Muguet, au nom des comités réunis de constitution, des recherches, diplomatique, etc., fit, le 13, un rapport sur la fuite du roi. Il conclut en disant que ce n'était pas un délit constitutionnel; que d'ailleurs le principe de l'inviolabilité ne permettait pas de mettre Louis XVI en cause. Il proposa que Bouillé, ses complices et ses adhérens, fussent traduits à la haute-cour nationale. Une partie de la gauche demanda l'ajournement, dans le but de laisser à la France le temps de manifester son vœu sur le parti que l'assemblée devait prendre à l'occasion de Louis XVI. Dandré s'y opposa, afin, dit-il, de faire cesser la lutte des factieux contre l'intérêt public. Robespierre vota pour l'ajournement. Charles Lameth lui répondit, et l'assemblée ayant adopté ses conclusions, on entra sur-le-champ en discussion.

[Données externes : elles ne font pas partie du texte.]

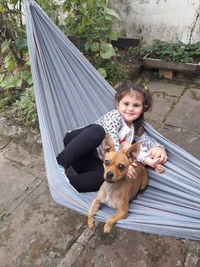 Portrait of cute girl with dog sitting outdoors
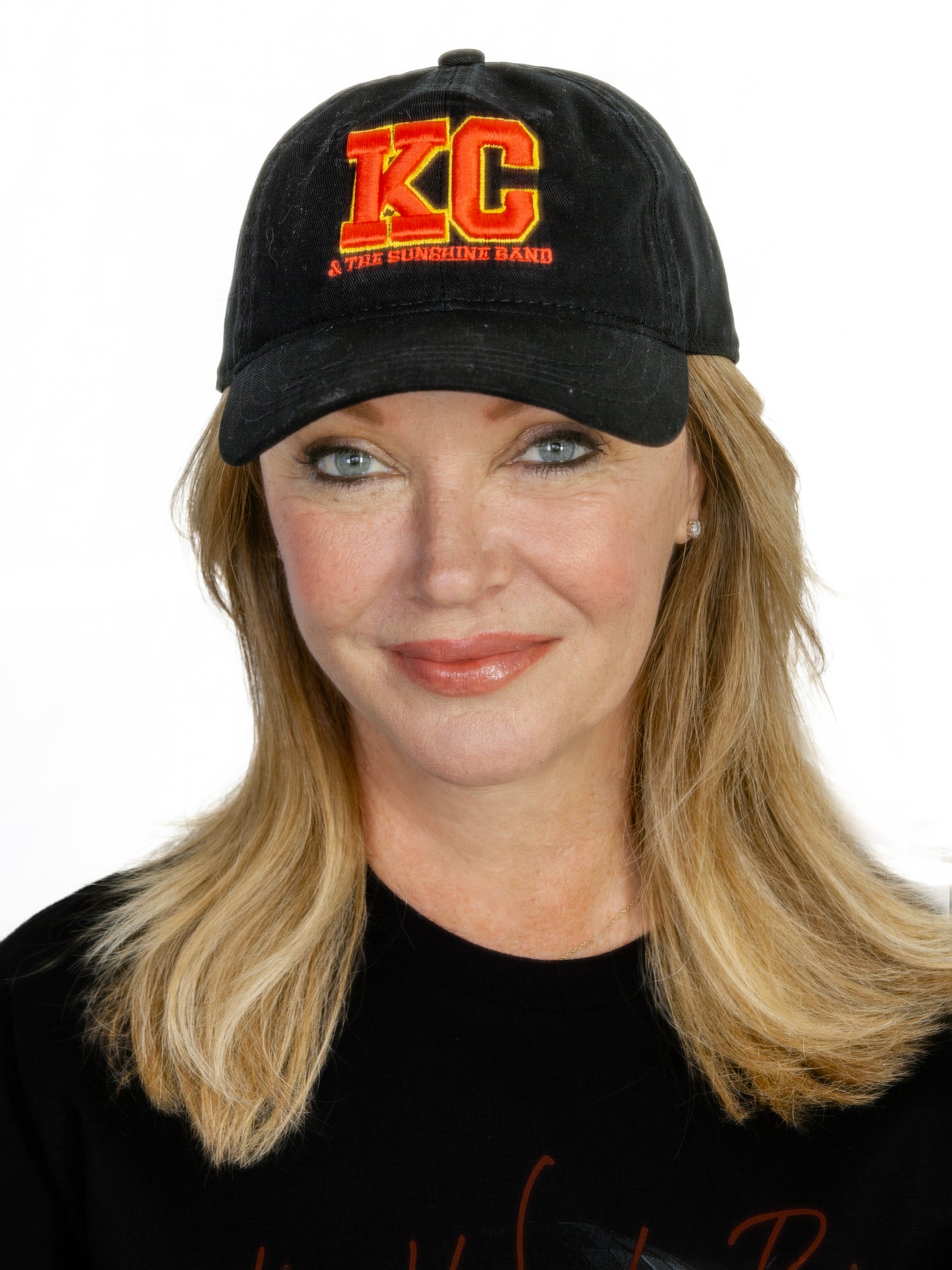 A person wearing a black 'KC' logo cap with a red embroidered 3D design.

Les orateurs entendus pendant les séances des 15, 14 et 15, furent, contre l'inviolabilité, MM. Pétion, Putraink, Vadier, Robespierre, Prieur, Grégoire et Buzot.-Pour: MM, Larochefoucault Liancourt, Prugnon, Duport, Goupil de Préfeln, Salles et Barnave. Nous citerons trois opinions contre, et trois pour. Nous avons choisi, d'un côté, celles de MM. Vadier, Robespierre et Grégoire. Vadier parlait pour la première fois. Nous ferons suivre son discours d'un article assez curieux de Marat. De l'autre côté, nous avons pris les opinions de MM. Goupil, Salles et Barnave.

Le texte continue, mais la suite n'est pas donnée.